Seine Einschätzung, dass die am Kinderschutz beteiligten Akteur*innen von einer solchen wechselseitigen „mindfulness“ aktuell noch weit entfernt seien, teilen die anwesenden Expert*innen. Konkret liege prinzipiell zwar ein gemeinsames Ziel vor, nämlich die Sicherung des Kindeswohls, aber erste Unklarheiten zwischen den Akteur*innen entstünden bereits bei der Erarbeitung eines gemeinsamen Problemverständnisses (z. B. unterschiedliche Auslegungen, in welchem Ausmaß das Kindeswohl bedroht erscheint). Die fünf weiteren Merkmale der achtsamen Kooperation

  • gemeinsames Arbeitsverständnis
  • gleichberechtigte Wissensverwendung
  • klares Verständnis des eigenen Beitrags (Kompetenzen, Wirkungen, Rechte/Pflichten)

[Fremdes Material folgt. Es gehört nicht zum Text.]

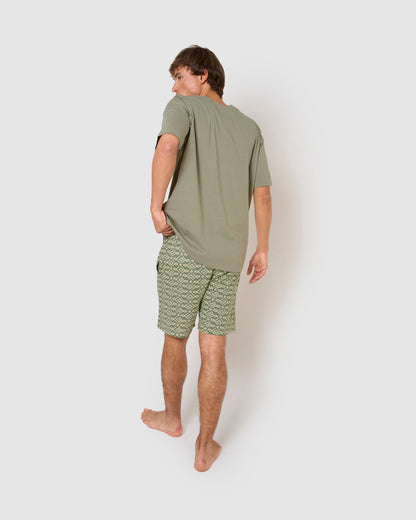 Pijama corto algodón rubio verde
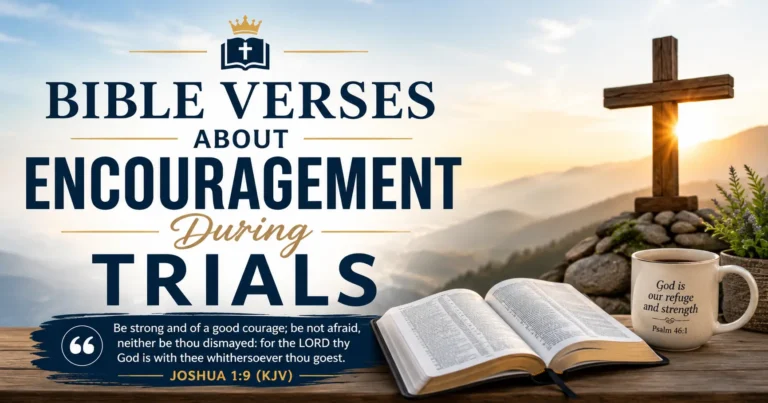 Promoting the encouraging bible verses during trials with an open bible, wooden cross, sunrise over mountains, and Joshua 1:9, KJV. Reminding God's people of His strength and hope, no matter how hard things may get.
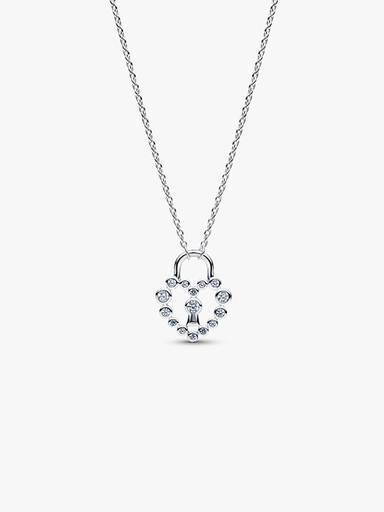 Collier à Pendentif Cadenas Cœur Scintillant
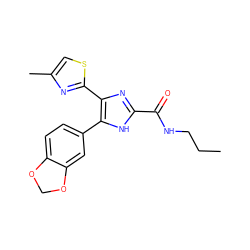 CCCNC(=O)c1nc(-c2nc(C)cs2)c(-c2ccc3c(c2)OCO3)[nH]1 ZINC000073294488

  • reflektierte Einordnung des eigenen Beitrags, bedachtsame Bezugnahme
  • gemeinsame Autoritätsinstanz, legitimierte Sicherung des Arbeitsprozesses

sind nach Einschätzung Klateztkis im Kinderschutz nicht oder nicht ausreichend gegeben, was zu Netzwerken „lose gekoppelter Systeme“ führe. Diese seien jedoch ungeeignet, um mehrdeutige Probleme zu bearbeiten. Erst durch die Schaffung eines achtsamen Organisationssystems bzw. zumindest durch achtsame Cliquen in Netzwerken könne die Aufgabe einer interdisziplinären Verantwortungsgemeinschaft im Kinderschutz gelingen.